**TO DO**
Once you reach the line with "timore per il troppo potere di Carlo V", transcribe it and every line after it to the end of the records, exactly, but not the pictures.
#####
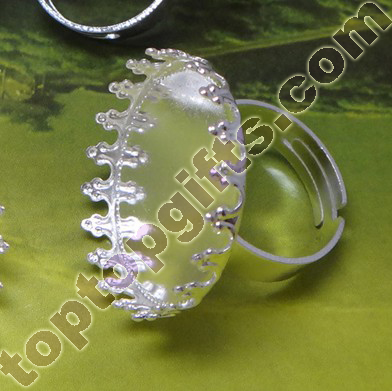 Silver Plated Crown Ring Base Support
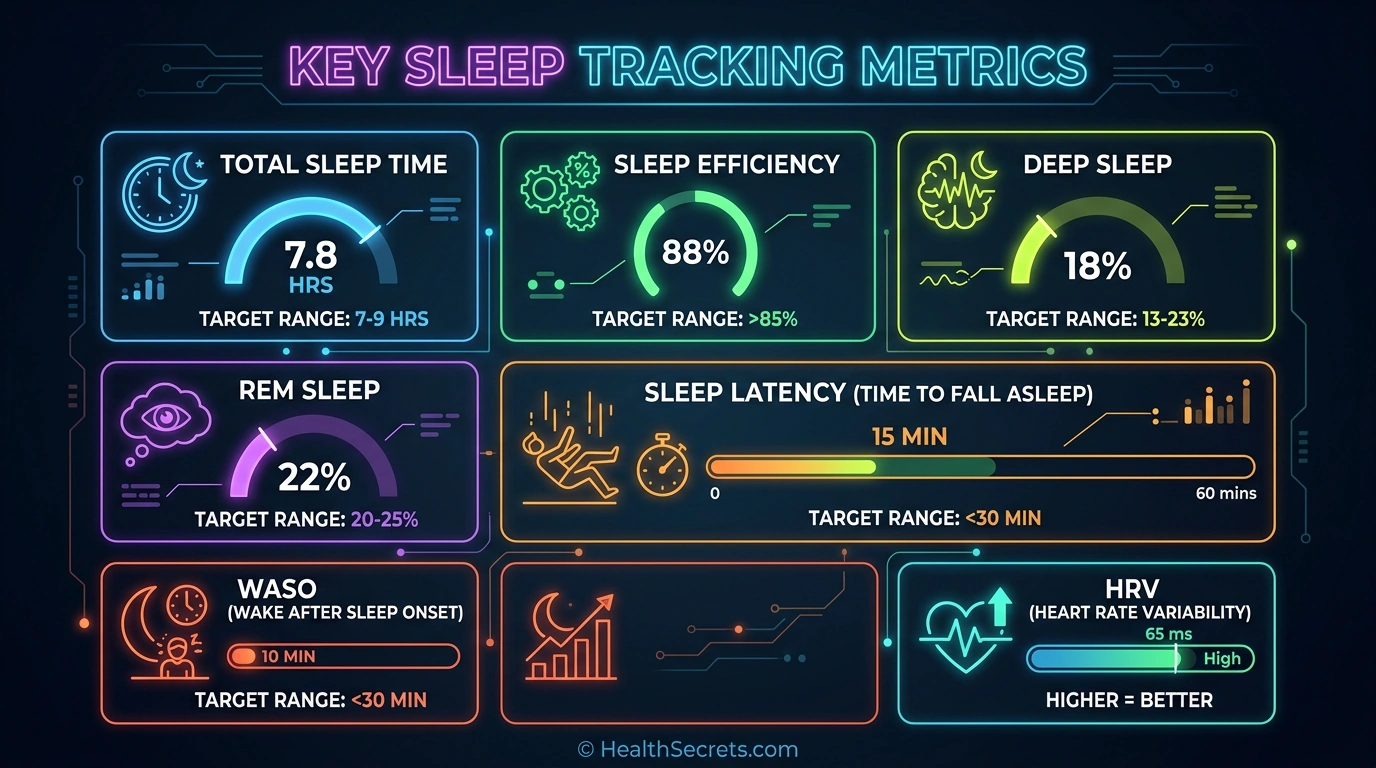 Sleep tracking metrics dashboard showing target ranges for sleep time, efficiency, deep sleep, REM, and latency
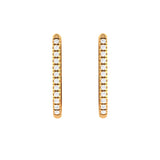 Solid Gold Diamond Oblong Rectangle Hoop Earring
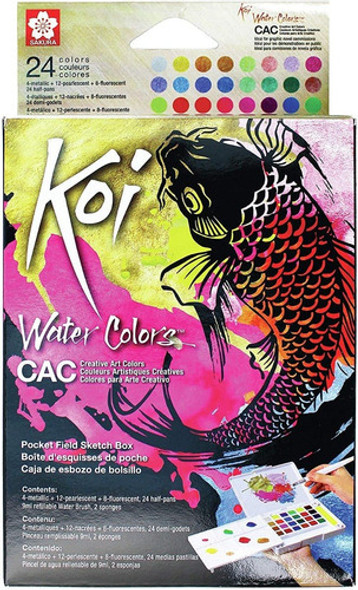 Acuarelas Pastillas Sakura Koi Metal Fluo Nacar Estuche X24 0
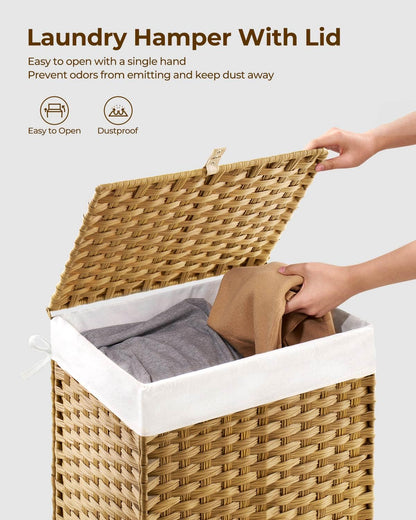 GREENSTELL Laundry Hamper with Lid, 60L Clothes Hamper with 2 Removable Liner Bags & 2 Mesh Laundry Bags, Handwoven Synthetic Rattan Laundry Basket for Clothes, Toys in Bathroom, Bedroom Natural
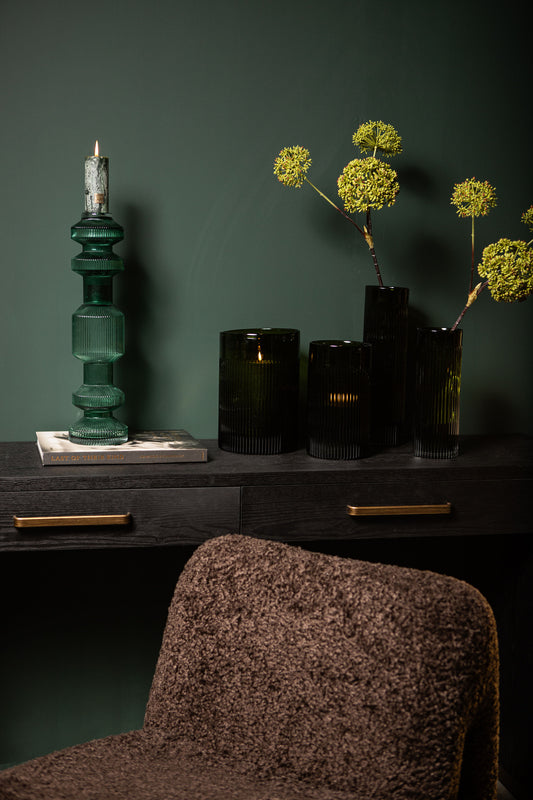 Alphaba Olive Green Round Ribbed Glass Vase Wide S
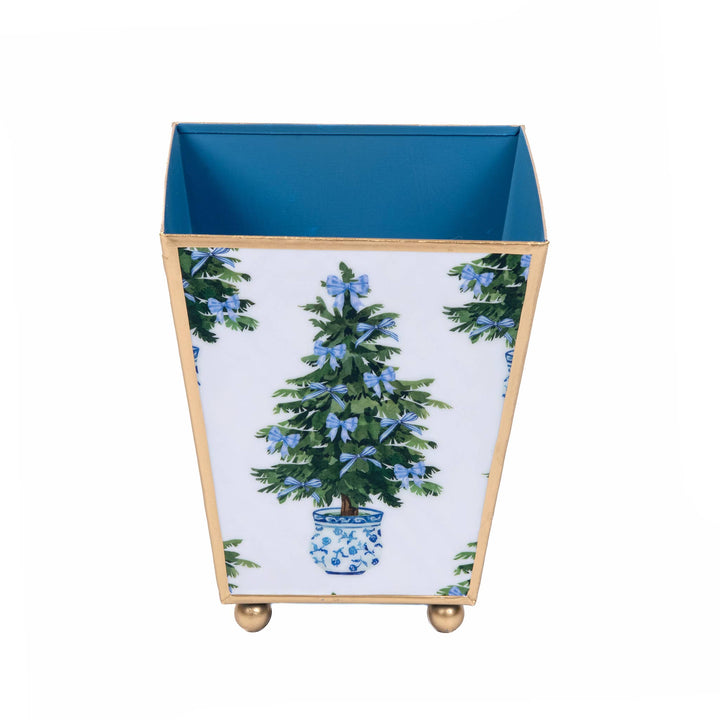 Blue Bow Christmas Enameled Square Cachepot Planter: Blue / 6 inch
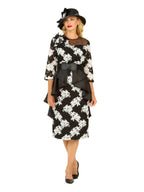 Giovanna Two-Tone Lace Midi Dress w/ Ruffle Peplum&Belt, Style D1676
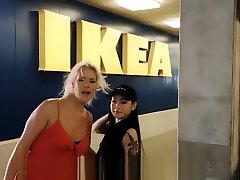 Risky desi force sex 3gp video Blowjob by Kate Truu and RaeLilBlack in IKEA Part1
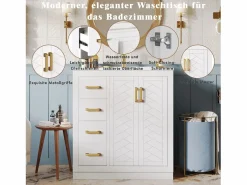 Merax 2 Muebles de baño de cerámica - 76,5 x 46,5 x 84,5 cm - con 3 cajones + estante lateral + 2 puertas - MDF - Blanco Clearance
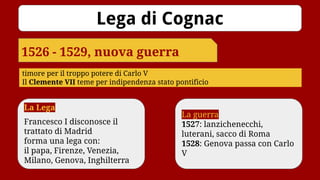 La guerra
1527: lanzichenecchi,
luterani, sacco di Roma
1528: Genova passa con Carlo
V
La Lega
Francesco I disconosce il
trattato di Madrid
forma una lega con:
il papa, Firenze, Venezia,
Milano, Genova, Inghilterra
Lega di Cognac
1526 - 1529, nuova guerra
timore per il troppo potere di Carlo V
Il Clemente VII teme per indipendenza stato pontificio
 
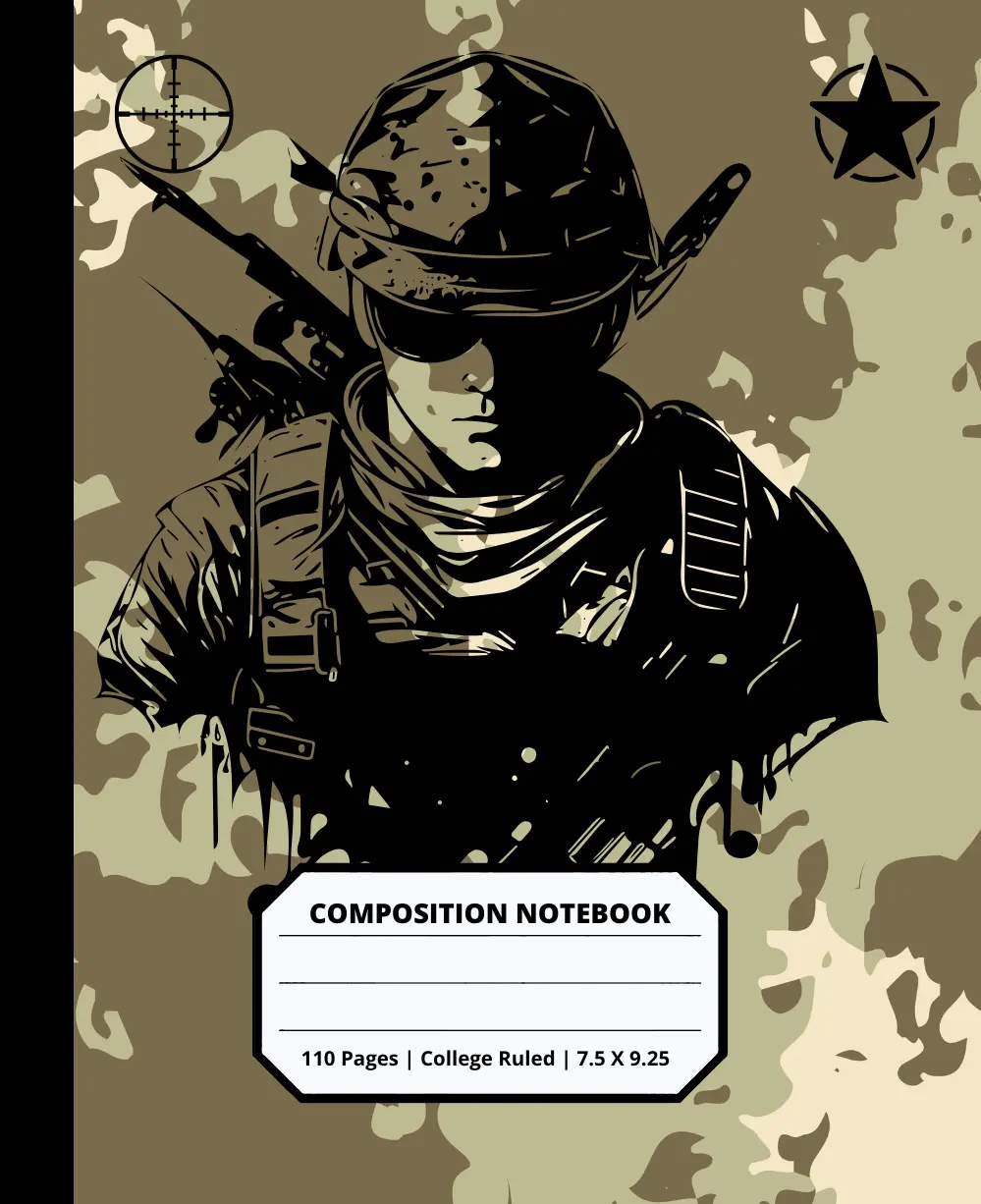 Military Army Design Composition Notebook for Adults Kids Boys Girls Teens 110 Pages College Ruled 7.5 x 9.25 Lined Paper Composition Book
#####
**YOUR RESPONSE**
timore per il troppo potere di Carlo V
Il Clemente VII teme per indipendenza stato pontificio
 
 Military Army Design Composition Notebook for Adults Kids Boys Girls Teens 110 Pages College Ruled 7.5 x 9.25 Lined Paper Composition Book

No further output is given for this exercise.